Investigating the Effect of Lithosphere Thickness and Viscosity on Mantle Dynamics Throughout the Supercontinent Cycle

The relationship between the lithosphere and the mantle during the supercontinent cycle is complex and poorly constrained. The processes which drive dispersal are often simplified to two end members: slab pull and plume push. We aim to explore how lithosphere thickness and viscosity during supercontinent assembly may affect the interaction of deep mantle structures throughout the supercontinent cycle. We consider supercontinental lithosphere structure as one of many potential processes which may affect the evolution of upwellings and downwellings and therefore systematically vary the properties of continental and cratonic lithosphere, respectively within our 3D spherical simulations. The viscosity and thickness of the lithosphere alters the dip and trajectory of downwelling material beneath the supercontinent as it assembles. Focusing on Pangea, we observe that plumes evolve and are swept beneath the center of the supercontinent by circum-continental subduction.
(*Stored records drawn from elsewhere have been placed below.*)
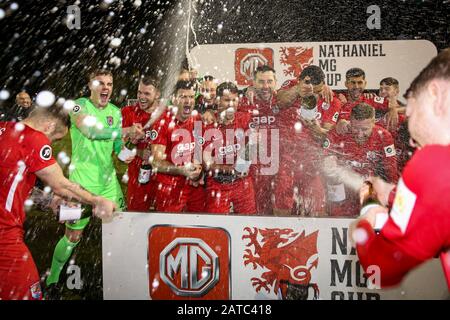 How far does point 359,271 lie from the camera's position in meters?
3.28

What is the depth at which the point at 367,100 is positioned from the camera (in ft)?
11.9

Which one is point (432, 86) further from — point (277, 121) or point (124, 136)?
point (124, 136)

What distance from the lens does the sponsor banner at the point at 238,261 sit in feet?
10.7

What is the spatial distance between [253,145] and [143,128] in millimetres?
972

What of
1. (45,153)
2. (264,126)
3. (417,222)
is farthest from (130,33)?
(417,222)

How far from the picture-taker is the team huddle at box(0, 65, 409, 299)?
3574 millimetres

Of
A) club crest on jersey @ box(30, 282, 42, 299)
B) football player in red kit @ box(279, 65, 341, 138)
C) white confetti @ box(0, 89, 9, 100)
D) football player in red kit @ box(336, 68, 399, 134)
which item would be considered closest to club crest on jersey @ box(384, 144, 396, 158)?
football player in red kit @ box(336, 68, 399, 134)

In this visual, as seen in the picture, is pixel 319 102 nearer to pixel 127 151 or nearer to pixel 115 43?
pixel 127 151

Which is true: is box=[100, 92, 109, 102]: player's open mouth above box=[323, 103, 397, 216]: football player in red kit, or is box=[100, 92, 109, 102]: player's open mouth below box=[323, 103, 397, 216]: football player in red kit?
above

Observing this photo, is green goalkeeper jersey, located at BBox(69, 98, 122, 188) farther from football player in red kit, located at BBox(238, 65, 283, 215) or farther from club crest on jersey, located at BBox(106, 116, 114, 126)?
football player in red kit, located at BBox(238, 65, 283, 215)

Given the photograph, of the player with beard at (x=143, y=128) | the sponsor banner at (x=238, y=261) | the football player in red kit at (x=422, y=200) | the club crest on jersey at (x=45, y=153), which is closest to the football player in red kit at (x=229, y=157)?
the sponsor banner at (x=238, y=261)

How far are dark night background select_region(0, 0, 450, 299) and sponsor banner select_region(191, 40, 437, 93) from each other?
0.19 ft

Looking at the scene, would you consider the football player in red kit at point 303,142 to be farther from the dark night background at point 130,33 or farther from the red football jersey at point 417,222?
the red football jersey at point 417,222

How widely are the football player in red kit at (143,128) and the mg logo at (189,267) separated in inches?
21.6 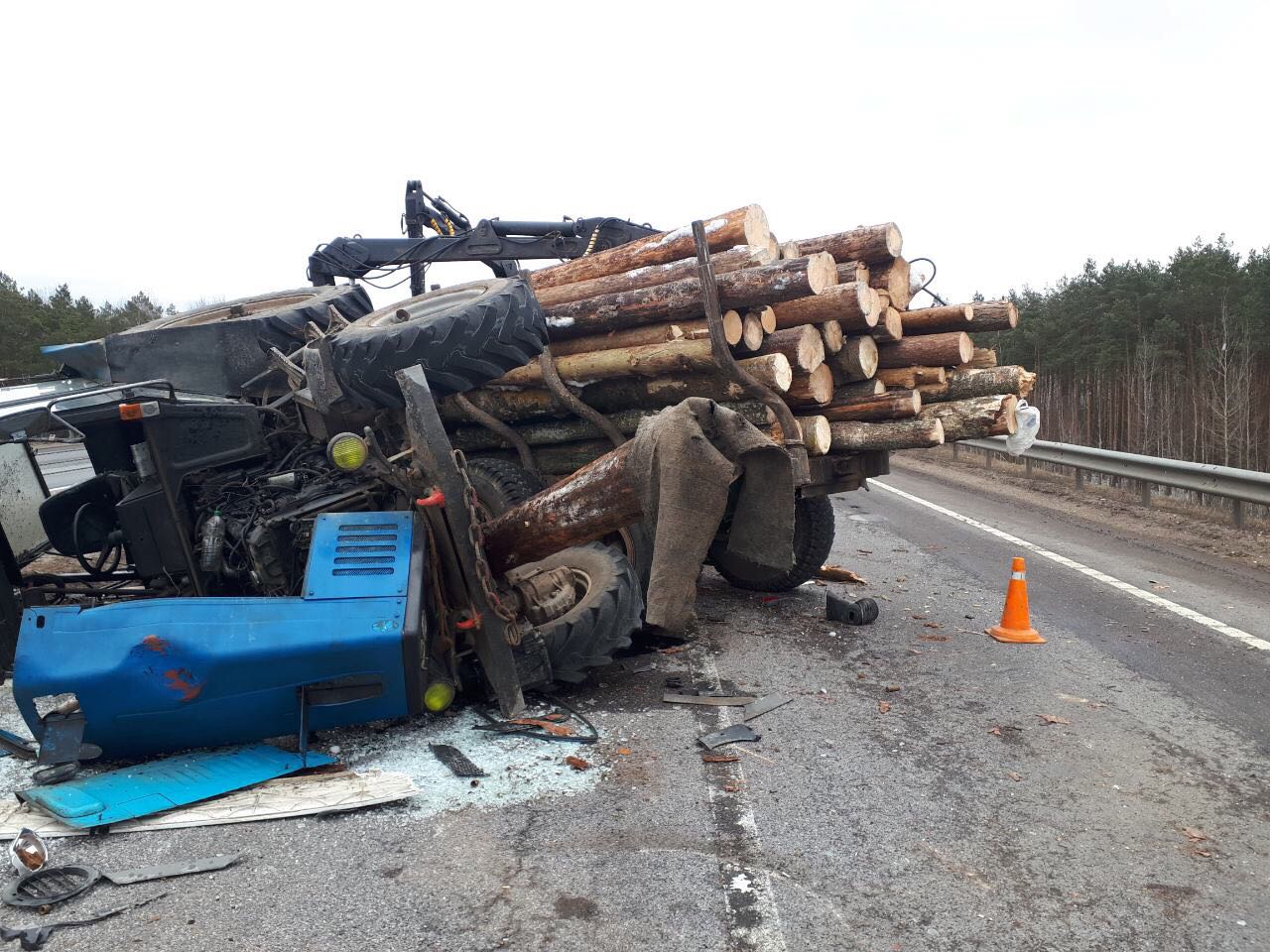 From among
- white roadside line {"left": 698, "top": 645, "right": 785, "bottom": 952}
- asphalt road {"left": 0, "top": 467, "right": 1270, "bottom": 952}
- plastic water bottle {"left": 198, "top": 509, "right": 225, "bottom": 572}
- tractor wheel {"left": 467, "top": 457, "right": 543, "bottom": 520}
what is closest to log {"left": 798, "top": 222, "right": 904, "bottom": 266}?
tractor wheel {"left": 467, "top": 457, "right": 543, "bottom": 520}

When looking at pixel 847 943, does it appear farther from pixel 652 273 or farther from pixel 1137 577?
pixel 1137 577

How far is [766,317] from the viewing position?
6402 millimetres

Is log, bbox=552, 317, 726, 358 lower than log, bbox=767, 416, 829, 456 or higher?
higher

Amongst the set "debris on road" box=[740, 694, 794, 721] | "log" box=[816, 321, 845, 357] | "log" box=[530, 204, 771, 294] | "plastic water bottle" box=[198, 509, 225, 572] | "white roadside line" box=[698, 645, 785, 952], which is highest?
"log" box=[530, 204, 771, 294]

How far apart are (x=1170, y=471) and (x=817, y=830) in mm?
9532

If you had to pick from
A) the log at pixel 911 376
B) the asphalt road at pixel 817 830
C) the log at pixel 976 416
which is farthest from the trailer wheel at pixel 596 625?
the log at pixel 911 376

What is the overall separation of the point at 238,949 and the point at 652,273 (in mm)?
5089

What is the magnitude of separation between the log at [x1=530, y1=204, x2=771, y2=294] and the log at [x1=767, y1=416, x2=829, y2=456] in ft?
4.35

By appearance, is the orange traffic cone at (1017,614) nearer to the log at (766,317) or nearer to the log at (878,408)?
the log at (878,408)

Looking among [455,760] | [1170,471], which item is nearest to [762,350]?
[455,760]

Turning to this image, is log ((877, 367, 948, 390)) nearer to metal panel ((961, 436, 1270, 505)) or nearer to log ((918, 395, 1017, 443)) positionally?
log ((918, 395, 1017, 443))

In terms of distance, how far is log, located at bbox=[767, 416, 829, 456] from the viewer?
6297 millimetres

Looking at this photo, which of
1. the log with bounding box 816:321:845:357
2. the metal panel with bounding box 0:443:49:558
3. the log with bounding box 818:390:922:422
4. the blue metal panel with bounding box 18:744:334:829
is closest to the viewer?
the blue metal panel with bounding box 18:744:334:829

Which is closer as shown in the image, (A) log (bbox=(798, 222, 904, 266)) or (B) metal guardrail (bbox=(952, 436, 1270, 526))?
(A) log (bbox=(798, 222, 904, 266)) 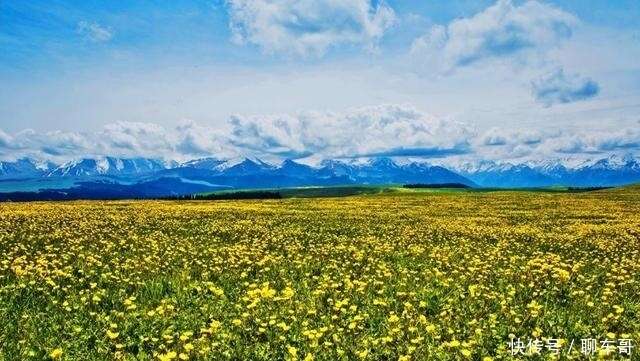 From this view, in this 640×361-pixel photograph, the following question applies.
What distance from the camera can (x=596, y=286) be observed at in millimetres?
14828

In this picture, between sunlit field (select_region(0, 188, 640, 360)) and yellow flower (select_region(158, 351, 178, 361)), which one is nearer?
yellow flower (select_region(158, 351, 178, 361))

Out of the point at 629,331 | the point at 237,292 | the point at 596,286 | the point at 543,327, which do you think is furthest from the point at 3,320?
the point at 596,286

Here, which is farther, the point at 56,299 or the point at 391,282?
the point at 391,282

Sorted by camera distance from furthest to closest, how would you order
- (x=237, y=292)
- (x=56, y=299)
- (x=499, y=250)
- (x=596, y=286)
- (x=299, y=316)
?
1. (x=499, y=250)
2. (x=596, y=286)
3. (x=237, y=292)
4. (x=56, y=299)
5. (x=299, y=316)

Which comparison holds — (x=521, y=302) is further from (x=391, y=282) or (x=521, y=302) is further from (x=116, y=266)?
(x=116, y=266)

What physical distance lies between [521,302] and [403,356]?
208 inches

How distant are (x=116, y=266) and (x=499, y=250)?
543 inches

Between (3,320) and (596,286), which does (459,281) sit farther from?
(3,320)

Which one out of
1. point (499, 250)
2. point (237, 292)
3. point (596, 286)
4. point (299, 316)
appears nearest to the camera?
point (299, 316)

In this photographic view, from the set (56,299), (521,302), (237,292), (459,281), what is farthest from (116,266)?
(521,302)

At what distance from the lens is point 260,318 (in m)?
11.0

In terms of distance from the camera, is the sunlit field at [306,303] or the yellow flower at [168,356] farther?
the sunlit field at [306,303]

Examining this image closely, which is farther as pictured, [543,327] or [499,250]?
[499,250]

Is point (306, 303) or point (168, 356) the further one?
point (306, 303) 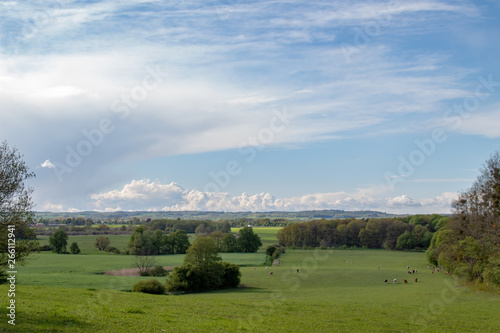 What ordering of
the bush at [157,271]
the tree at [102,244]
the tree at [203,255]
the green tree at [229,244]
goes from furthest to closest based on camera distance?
the green tree at [229,244]
the tree at [102,244]
the bush at [157,271]
the tree at [203,255]

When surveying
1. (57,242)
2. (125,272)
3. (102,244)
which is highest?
(57,242)

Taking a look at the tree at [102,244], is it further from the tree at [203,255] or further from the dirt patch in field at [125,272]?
the tree at [203,255]

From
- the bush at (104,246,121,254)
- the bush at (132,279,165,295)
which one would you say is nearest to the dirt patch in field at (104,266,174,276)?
the bush at (132,279,165,295)

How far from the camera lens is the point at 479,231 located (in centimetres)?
5472

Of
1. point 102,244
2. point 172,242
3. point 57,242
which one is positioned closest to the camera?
point 57,242

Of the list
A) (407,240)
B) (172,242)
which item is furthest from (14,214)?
(407,240)

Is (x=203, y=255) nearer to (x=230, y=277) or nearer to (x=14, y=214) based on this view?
(x=230, y=277)

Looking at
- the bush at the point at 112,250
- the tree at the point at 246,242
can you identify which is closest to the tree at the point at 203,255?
the bush at the point at 112,250

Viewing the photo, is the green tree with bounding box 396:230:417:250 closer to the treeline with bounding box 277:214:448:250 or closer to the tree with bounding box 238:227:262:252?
the treeline with bounding box 277:214:448:250

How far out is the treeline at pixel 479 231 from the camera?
1859 inches

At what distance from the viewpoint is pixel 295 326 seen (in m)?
22.9

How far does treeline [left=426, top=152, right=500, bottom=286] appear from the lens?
4722cm

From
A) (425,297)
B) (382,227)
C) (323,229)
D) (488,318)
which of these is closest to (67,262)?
(425,297)

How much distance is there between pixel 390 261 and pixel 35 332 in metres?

The proximity of these upwelling and downwelling structures beneath the supercontinent interior varies with lithosphere thickness and viscosity. Where slabs impinge on the top of an evolving plume head (when continental and cratonic lithosphere are thick and viscous in our simulations), the cold slabs can reduce the magnitude of an evolving plume. Conversely, when the continental lithosphere is thin and weak in our simulations, slab dips shallow in the upper mantle and descend adjacent to the evolving plume, sweeping it laterally near the core-mantle boundary. These contrasting evolutions alter the magnitude of the thermal anomaly and the degree to which the plume can thin the lithosphere prior to breakup.